The same energy is needed for the transition #n = 1 -> n = oo#, which is the ionization potential for a hydrogen atom.

1 Answer
Nov 25, 2017

#2.17 * 10^(-18)# #"J"#

#"13.6 eV"#

Explanation:

Your tool of choice here will be the Rydberg equation

#1/(lamda) = R * (1/n_f^2 - 1/n_i^2)#

Here

  • #lamda# si the wavelength of the emittted photon
  • #R# is the Rydberg constant, equal to #1.097 * 10^(7)# #"m"^(-1)#
  • #n_f# is the final energy level of the transition
  • #n_i# is the initial energy level of the transition

In your case, you have the

#n_i = oo -> n_f = 1#

transition, which is part of the Lyman series. The first thing to notice here is that when #n_i = oo#

#1/n_i^2 -> 0#

which implies that the Rydberg equation can be simplified to this form

#1/lamda = R * (1/1^2 - 0)#

#1/(lamda) = R#

You can thus say that the wavelength of the emitted photon will be equal to

#lamda = 1/R#

#lamda = 1/(1.097 * 10^7color(white)(.)"m"^(-1)#

#lamda = 9.158 * 10^(-8)color(white)(.)"m"#

Now, to find the energy of the photon emitted during this transition, you can use the Planck - Einstein relation

#E = (h * c)/lamda#

Here

  • #E# is the energy of the photon
  • #h# is Planck's constant, equal to #6.626 * 10^(-34)color(white)(.)"J s"#
  • #c# is the speed of light in a vacuum, usually given as #3 * 10^8color(white)(.)"m s"^(-1)#

Plug in your value to find

#E = (6.626 * 10^(-34)color(white)(.)"J" color(red)(cancel(color(black)("s"))) * 3 * 10^8 color(red)(cancel(color(black)("m"))) color(red)(cancel(color(black)("s"^(-1)))))/(9.158 * 10^(-8)color(red)(cancel(color(black)("m"))))#

#color(darkgreen)(ul(color(black)(E = 2.17 * 10^(-18)color(white)(.)"J")))#

I'll leave the answer rounded to three sig figs.

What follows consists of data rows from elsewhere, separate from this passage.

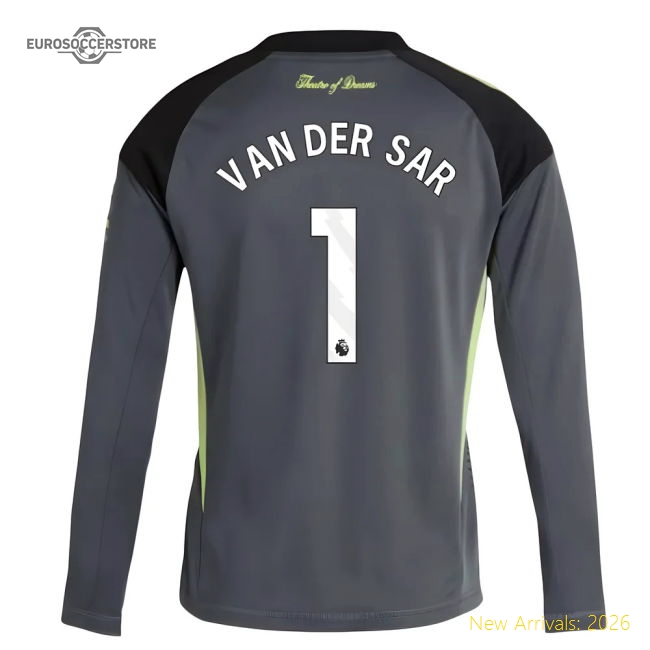 2025-2026 Man Utd Home Goalkeeper Shirt (Grey) - Kids (Van Der Sar 1)-Football Jersey Hub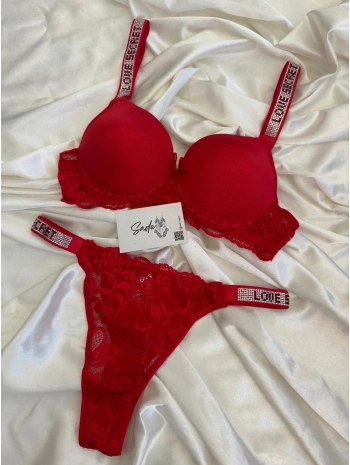 KIRMIZI TAŞLI SÜTYEN TAKIMI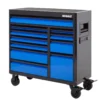 Kobalt Bottom Tool Cabinets 3000 Series 41-in W x 41-in H 11-Drawer Steel Rolling Tool Cabinet (Black)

To convert this to electronvolts, use the fact that

#"1 eV" = 1.6 * 10^(-19)color(white)(.)"J"#

You will end up with

#2.17 * 10^(-18) color(red)(cancel(color(black)("J"))) * "1 eV"/(1.6 * 10^(-19)color(red)(cancel(color(black)("J")))) = color(darkgreen)(ul(color(black)("13.6 eV")))#

This basically means that you need #"13.6 eV"# to ionize a hydrogen atom. In other words, the first energy level of a hydrogen atom, i.e. its ground state, is at #-"13.6 eV"#.

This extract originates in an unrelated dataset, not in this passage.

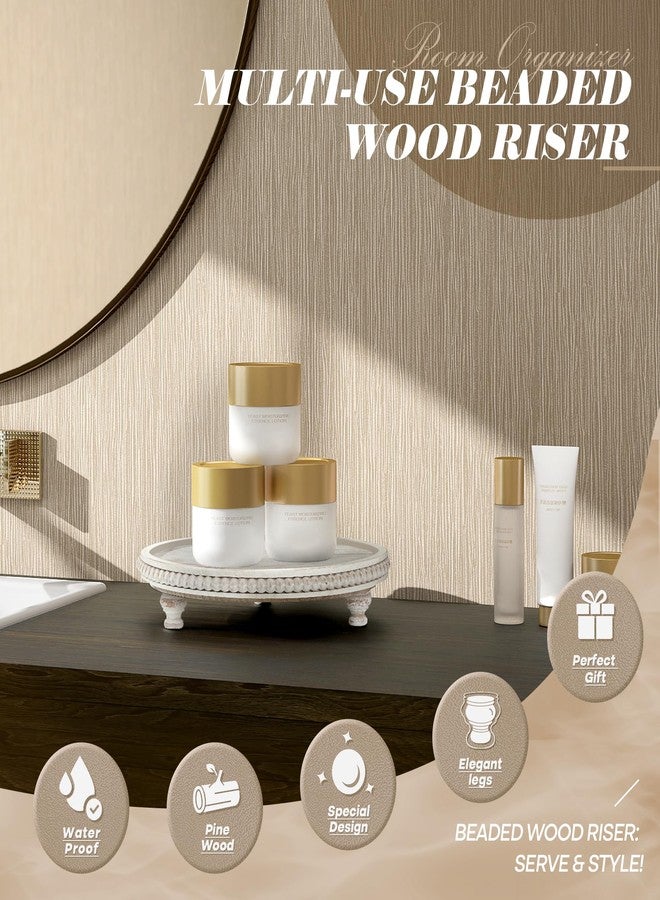 EOSAHR round display risers with breads（White） - Image 5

https://chemistry.stackexchange.com/questions/44625/what-is-the-series-limit-in-a-spectral-line

If an incoming photon has an energy that is at least #"13.6 eV"#, then the electron will move to an energy level that is high enough to be considered outside the influence of the nucleus, and thus outside the atom #-># the hydrogen atom is ionized to a hydrogen cation, #"H"^(+)#.